### Supplied data
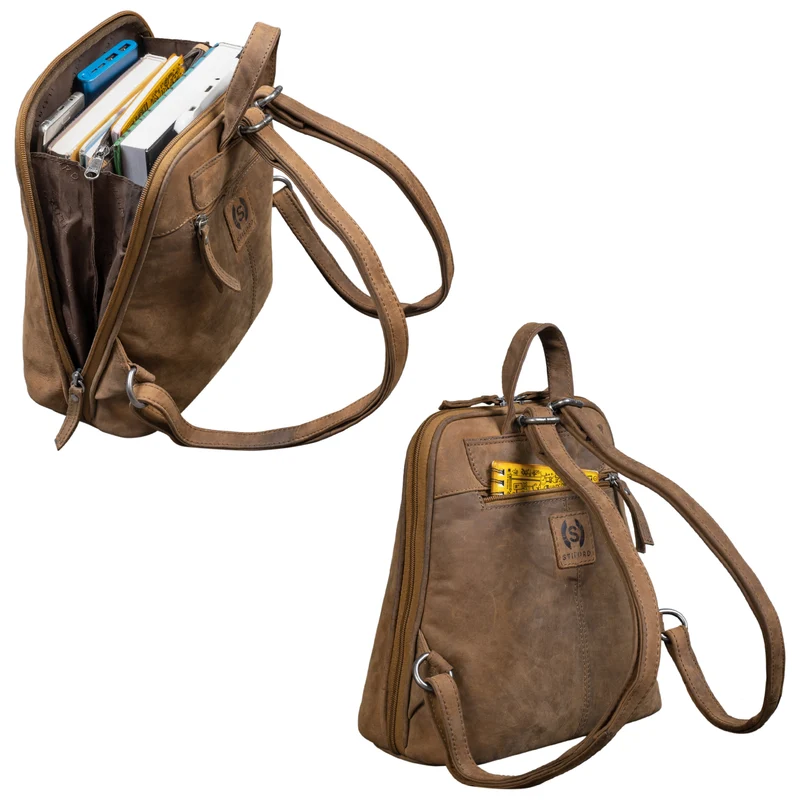 "Calla" Vintage Lederrucksack Damen Klein Daypack für 11 Zoll Tablet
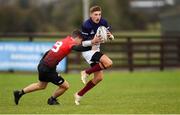 31 October 2018; Tadhg Finlay of Metropolitan Area is tackled by Donal Leavy of North East Area during the U18s 2nd Round Shane Horgan Cup match between North East Area and Metropolitan Area at Ashbourne RFC in Ashbourne, Co Meath. Photo by Piaras Ó Mídheach/Sportsfile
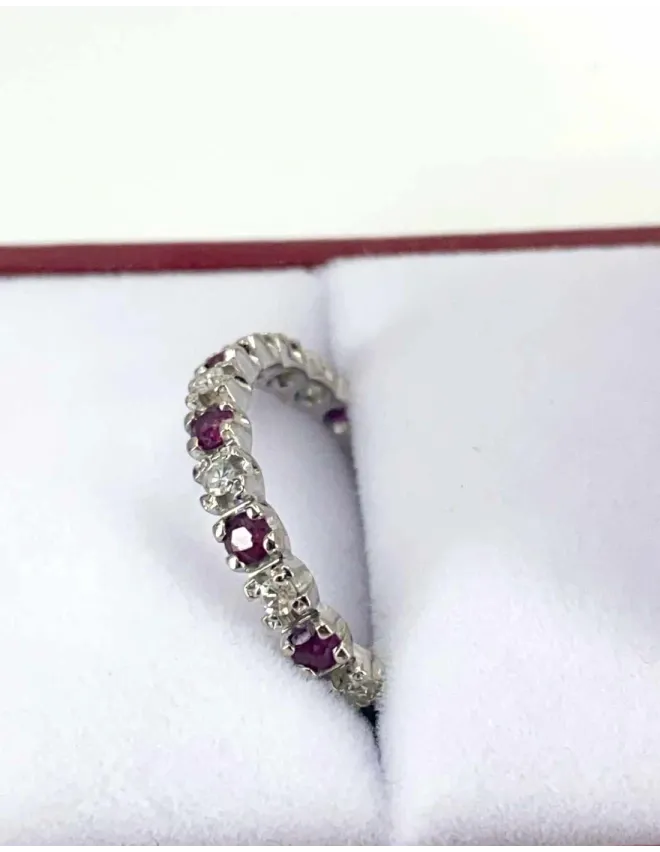 Alliance Tour Complet Or Blanc, Rubis & Diamants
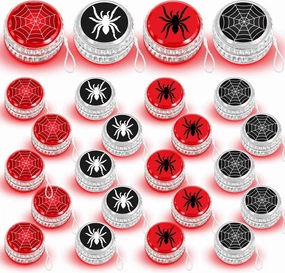 Liliful Spider Party Favors Birthday Party Supplies LED Lighted Yo Yo Bulk Spider Theme Toy for Boys Girls Goodies Bag Filler Hero Gifts in Bulk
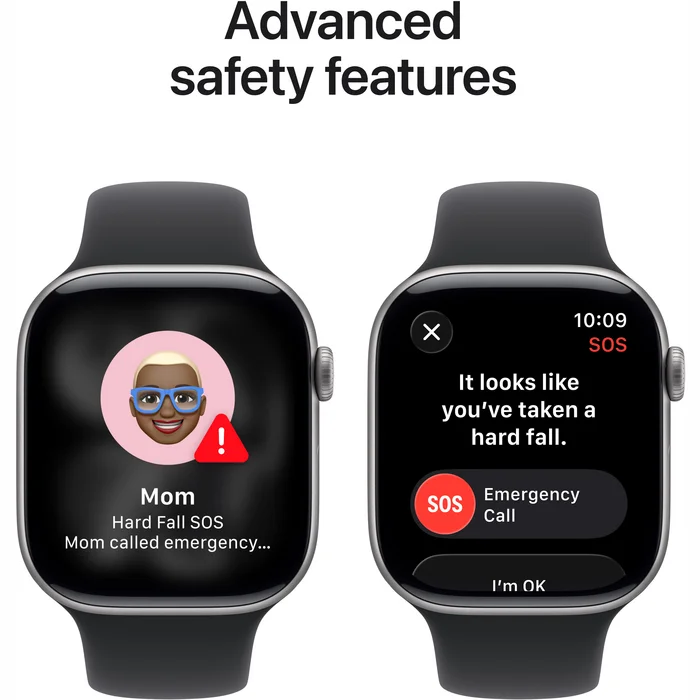 Apple Watch Series 11 GPS + Cellular 42mm Space Grey Aluminium Case with Black Sport Band - M/L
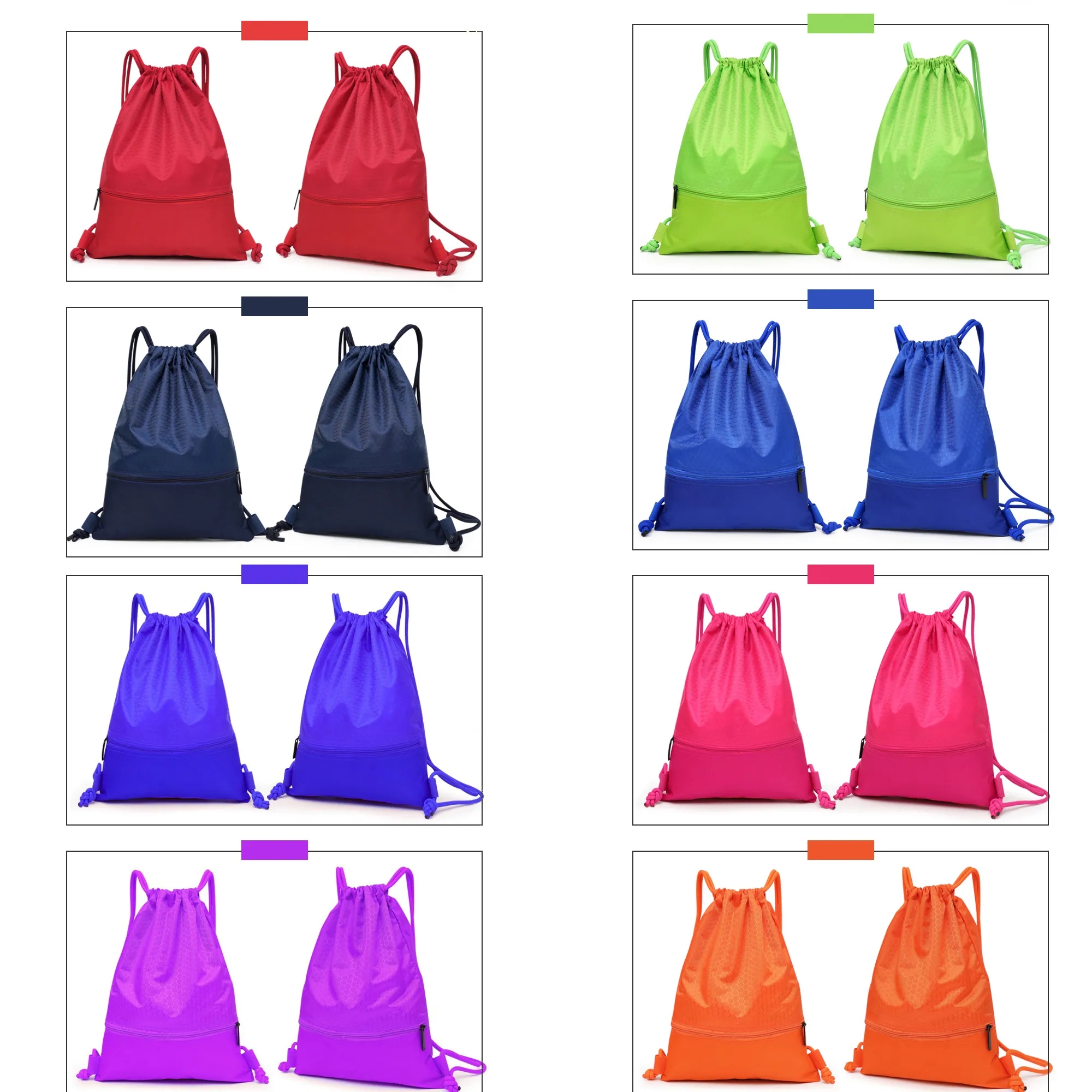 MOQ 20 PCS Full Color Waterproof Gym Drawstring Oxford Bags 5
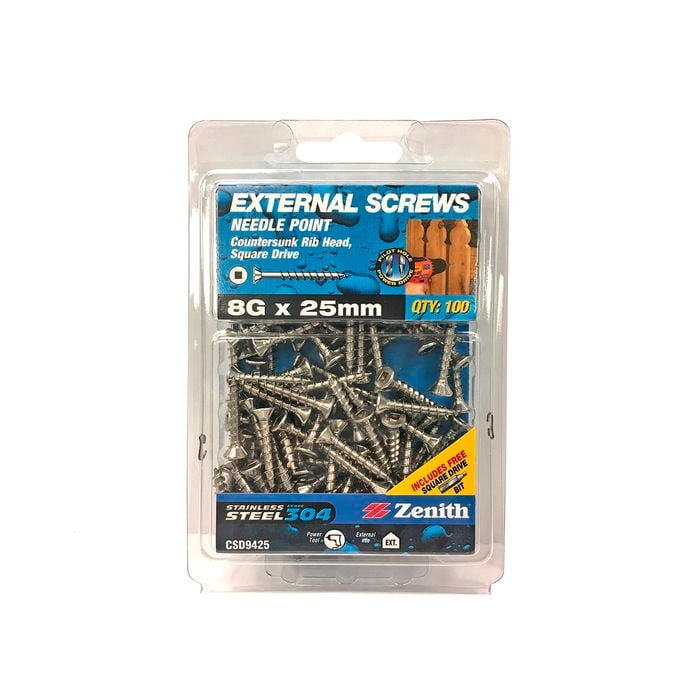 Zenith 8G x 25mm Stainless Steel 304 Square Drive External Screw - 100 Pack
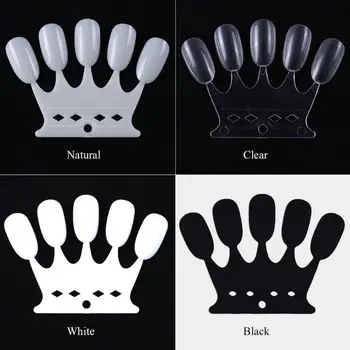 

10Pcs Crown Shaped False Nail Polish Tips Color Card Plastic Practice Display Board With Detachable Metal Ring DIY Manicure Tool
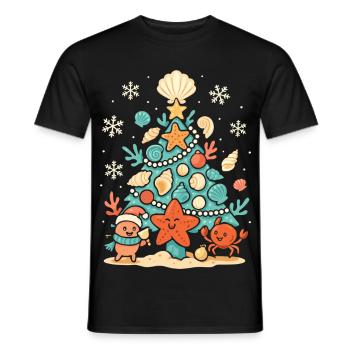 Maritimer Weihnachtsbaum mit Seestern & Krabbe - Männer T-Shirt - Schwarz - Vorne - AI Model Male 178 light (178cm)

### The problem
What you give back must be exactly the lines of the listing above from the line containing "10Pcs Crown Shaped" through its last line, inclusive, without pictures, please.

### Output of the task
10Pcs Crown Shaped False Nail Polish Tips Color Card Plastic Practice Display Board With Detachable Metal Ring DIY Manicure Tool
 Maritimer Weihnachtsbaum mit Seestern & Krabbe - Männer T-Shirt - Schwarz - Vorne - AI Model Male 178 light (178cm)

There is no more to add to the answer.